In the early light of that October morning the weird, vast shapes that filled, the abyss were bathed in a bewildering opulence of color. Pale gold along the farther rim, with pink and amber, blue and gray, and heliotrope and rose—all blending softly, tone on tone. Deeper, the heart of every rift and chasm that flows into the one stupendous mother-rift was full of purple shadows.

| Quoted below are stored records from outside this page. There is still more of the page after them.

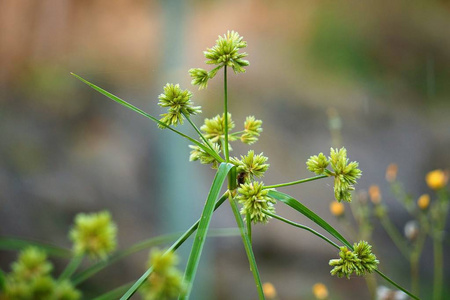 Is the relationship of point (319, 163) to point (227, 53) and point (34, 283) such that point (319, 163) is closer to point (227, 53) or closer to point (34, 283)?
point (227, 53)

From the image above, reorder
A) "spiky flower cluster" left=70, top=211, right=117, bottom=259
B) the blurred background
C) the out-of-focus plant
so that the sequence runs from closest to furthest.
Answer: "spiky flower cluster" left=70, top=211, right=117, bottom=259, the out-of-focus plant, the blurred background

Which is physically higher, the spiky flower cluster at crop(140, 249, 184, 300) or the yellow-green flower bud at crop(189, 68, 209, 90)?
the yellow-green flower bud at crop(189, 68, 209, 90)

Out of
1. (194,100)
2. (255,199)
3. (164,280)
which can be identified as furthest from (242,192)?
(194,100)

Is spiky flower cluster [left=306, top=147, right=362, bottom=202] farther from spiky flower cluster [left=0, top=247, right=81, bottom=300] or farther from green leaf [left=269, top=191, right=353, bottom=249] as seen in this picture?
spiky flower cluster [left=0, top=247, right=81, bottom=300]

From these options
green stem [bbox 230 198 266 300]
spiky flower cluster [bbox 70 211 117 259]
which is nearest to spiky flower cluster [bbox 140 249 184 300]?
spiky flower cluster [bbox 70 211 117 259]

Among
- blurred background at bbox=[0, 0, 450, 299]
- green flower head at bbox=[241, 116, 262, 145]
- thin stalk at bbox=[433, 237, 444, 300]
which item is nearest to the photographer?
green flower head at bbox=[241, 116, 262, 145]

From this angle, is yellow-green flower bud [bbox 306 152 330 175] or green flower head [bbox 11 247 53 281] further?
yellow-green flower bud [bbox 306 152 330 175]

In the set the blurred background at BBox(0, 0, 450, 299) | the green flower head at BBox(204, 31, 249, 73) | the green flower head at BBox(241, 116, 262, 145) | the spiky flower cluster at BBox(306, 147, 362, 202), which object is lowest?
the spiky flower cluster at BBox(306, 147, 362, 202) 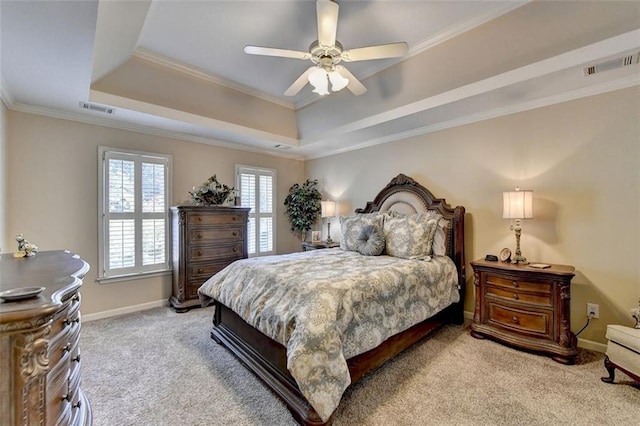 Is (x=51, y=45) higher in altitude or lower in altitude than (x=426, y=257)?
higher

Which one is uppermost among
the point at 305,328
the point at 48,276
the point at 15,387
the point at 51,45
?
the point at 51,45

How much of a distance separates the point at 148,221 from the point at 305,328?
3266 mm

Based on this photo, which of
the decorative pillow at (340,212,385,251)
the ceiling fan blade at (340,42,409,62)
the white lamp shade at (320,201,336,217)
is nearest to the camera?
the ceiling fan blade at (340,42,409,62)

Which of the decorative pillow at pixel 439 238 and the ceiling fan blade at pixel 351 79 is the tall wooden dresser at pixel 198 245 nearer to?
the ceiling fan blade at pixel 351 79

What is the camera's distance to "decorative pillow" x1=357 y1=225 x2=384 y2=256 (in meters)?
3.31

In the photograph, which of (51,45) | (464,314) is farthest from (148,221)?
(464,314)

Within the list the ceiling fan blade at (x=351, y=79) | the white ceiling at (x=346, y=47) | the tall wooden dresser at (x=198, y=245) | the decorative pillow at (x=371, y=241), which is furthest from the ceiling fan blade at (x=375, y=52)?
the tall wooden dresser at (x=198, y=245)

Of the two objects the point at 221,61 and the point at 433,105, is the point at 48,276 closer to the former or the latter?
the point at 221,61

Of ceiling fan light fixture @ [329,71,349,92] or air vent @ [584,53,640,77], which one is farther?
ceiling fan light fixture @ [329,71,349,92]

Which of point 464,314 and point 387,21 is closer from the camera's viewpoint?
point 387,21

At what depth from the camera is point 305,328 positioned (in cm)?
175

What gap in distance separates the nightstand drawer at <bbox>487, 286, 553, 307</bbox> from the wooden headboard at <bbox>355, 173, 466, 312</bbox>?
1.84 feet

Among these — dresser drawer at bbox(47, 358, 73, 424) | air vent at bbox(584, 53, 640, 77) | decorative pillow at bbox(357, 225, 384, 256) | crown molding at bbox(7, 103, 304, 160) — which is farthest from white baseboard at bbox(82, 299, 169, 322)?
air vent at bbox(584, 53, 640, 77)

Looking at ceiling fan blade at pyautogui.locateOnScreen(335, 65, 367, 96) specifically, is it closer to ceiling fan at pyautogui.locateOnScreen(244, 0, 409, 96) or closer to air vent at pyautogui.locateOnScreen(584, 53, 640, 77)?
ceiling fan at pyautogui.locateOnScreen(244, 0, 409, 96) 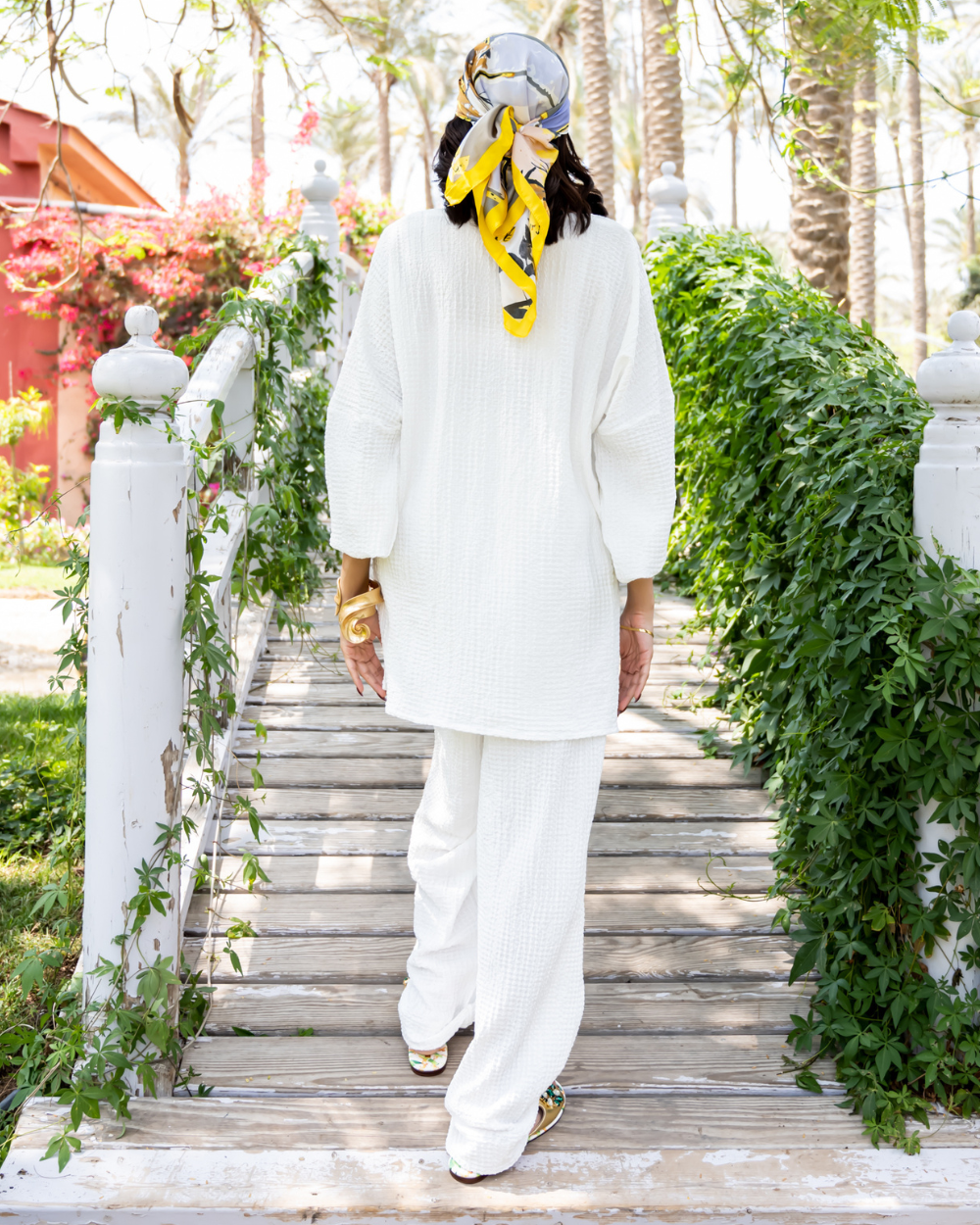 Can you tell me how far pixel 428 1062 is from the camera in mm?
2334

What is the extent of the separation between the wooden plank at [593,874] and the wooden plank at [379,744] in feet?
1.86

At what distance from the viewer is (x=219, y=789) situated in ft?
10.4

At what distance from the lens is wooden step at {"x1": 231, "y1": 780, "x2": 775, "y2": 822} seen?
3.31 m

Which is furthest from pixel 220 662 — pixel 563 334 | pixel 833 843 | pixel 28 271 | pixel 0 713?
pixel 28 271

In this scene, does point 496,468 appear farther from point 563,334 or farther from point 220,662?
point 220,662

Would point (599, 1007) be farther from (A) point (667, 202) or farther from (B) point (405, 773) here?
(A) point (667, 202)

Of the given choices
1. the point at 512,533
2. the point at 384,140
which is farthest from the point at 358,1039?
the point at 384,140

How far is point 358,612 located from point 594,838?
143cm

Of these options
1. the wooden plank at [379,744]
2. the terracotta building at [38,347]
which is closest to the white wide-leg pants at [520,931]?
the wooden plank at [379,744]

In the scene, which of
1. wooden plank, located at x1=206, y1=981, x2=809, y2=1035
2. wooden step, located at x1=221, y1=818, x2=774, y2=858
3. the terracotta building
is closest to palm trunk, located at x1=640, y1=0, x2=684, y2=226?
the terracotta building

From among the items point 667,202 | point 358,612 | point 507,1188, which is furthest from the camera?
point 667,202

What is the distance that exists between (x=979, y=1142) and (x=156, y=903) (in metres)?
1.61

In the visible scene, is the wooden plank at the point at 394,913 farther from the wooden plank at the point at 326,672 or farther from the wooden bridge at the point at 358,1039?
the wooden plank at the point at 326,672

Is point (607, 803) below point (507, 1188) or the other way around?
the other way around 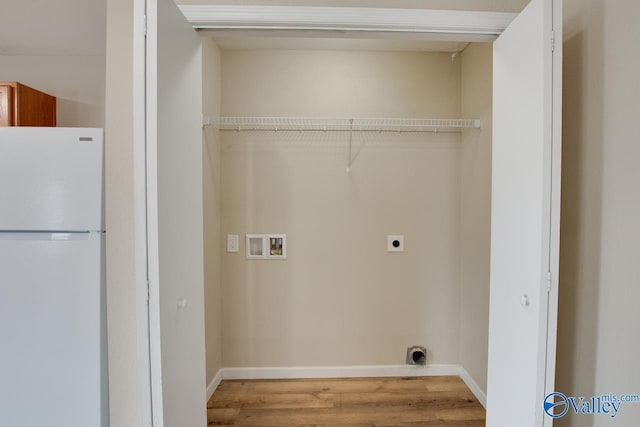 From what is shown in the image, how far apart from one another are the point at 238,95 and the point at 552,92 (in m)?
1.93

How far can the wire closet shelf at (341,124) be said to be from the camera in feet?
6.97

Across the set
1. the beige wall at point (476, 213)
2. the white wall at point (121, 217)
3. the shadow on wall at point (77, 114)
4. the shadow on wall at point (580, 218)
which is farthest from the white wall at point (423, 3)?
the shadow on wall at point (77, 114)

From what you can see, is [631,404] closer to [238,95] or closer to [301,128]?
[301,128]

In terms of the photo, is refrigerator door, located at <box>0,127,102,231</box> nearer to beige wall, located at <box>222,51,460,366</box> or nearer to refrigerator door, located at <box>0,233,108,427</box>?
refrigerator door, located at <box>0,233,108,427</box>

Not the thin lavender of the upper world where we must live, but tensely, richly regal, beyond words to paint; with silvery mists above, soft, filmy veils that draped the jutting rocks and rounded each harsh edge, melting pink to rose and gray to violet. Eternal silence brooded over all this symbol, wrought in visible form, of His Almightiness, to whom a thousand years are as a day, and in the hollow of whose hand He holds the universe. Measureless, motionless, voiceless, it seemed as if all the canons of all the mountains of our great contienent might have given to it here their awful depth and height and rugged strength; their picturesqueness, color, graceful outlines, dizzy steeps and awe-inspiring lengths and breadths. And fusing all these into itself, height on height, and breadth on breadth, entrancing charm on charm, with all the hues that the Great Alchemist can throw from His vast prism, it seemed to say:
“’Twas only in a vision that St. John saw the four-square city whose twelve gates are each a single pearl! whose walls are builded on foundation stones of jasper, sapphire, and chalcedony, emerald and topaz, chrysolite and amethyst; whose streets are of pure gold, like unto clear glass; whose light is ever like unto a stone most precious.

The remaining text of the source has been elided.